Il semble que sur ce sol, essentiellement démocratique, la nature se montre, en ce qui la concerne, plus aristocrate qu’ailleurs, et que le génie de la sélection y travaille perpétuellement à l’avancement de ses élues. De tous les dons qu’il leur prodigue, l’un des plus caractéristiques est à coup sûr l’adaptabilité. Peu de femmes, en Europe, possèdent, au même degré que l’Américaine, la faculté de s’identifier avec un milieu nouveau, de changer de pays, de climat, d’entourage avec une aussi merveilleuse souplesse. Mieux que d’autres, elle s’accommode aux circonstances, tout en conservant son individualité dans un cadre étranger. Les liens qui l’attachent à la ville ou au village natal sont sans force. Elle les rompra sans souffrance, elle émigrera sans hésitation. Citadine de New-York ou de Boston, de Baltimore ou de Philadelphie, elle suivra son mari dans les solitudes du far-west, ou, campagnarde, s’arrangera de Londres ou de Paris, de Munich ou de Borne avec une aisance parfaite. Ni les distances ne l’éliraient, ni les longs voyages ne l’arrêtent.

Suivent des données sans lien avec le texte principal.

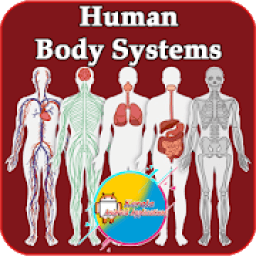 ikon Human Body Systems | Body Systems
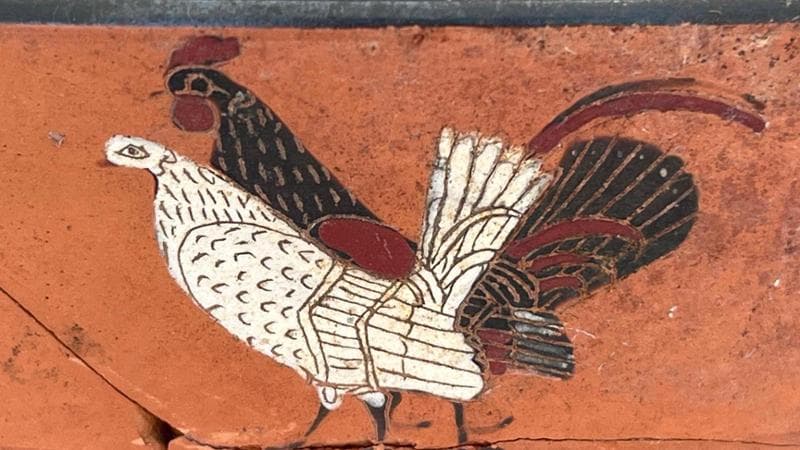 dettaglio di una coppa attica.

Il semblerait qu’elle n’ait pas de patrie, tant elle fait facilement la sienne du pays où sa destinée l’amène, de Melbourne ou de Hong-Kong, du Chili ou des Indes. Partout elle porte avec elle sa belle humeur, sa conception optimiste de la vie, son don de tirer parti de tout. Elle est la vraie femme d’une race nomade, prête aux déplacemens, insouciante du milieu, tenant pour bon celui qui la rapproche de son but, celui où l’activité de son mari rencontre un champ libre et large.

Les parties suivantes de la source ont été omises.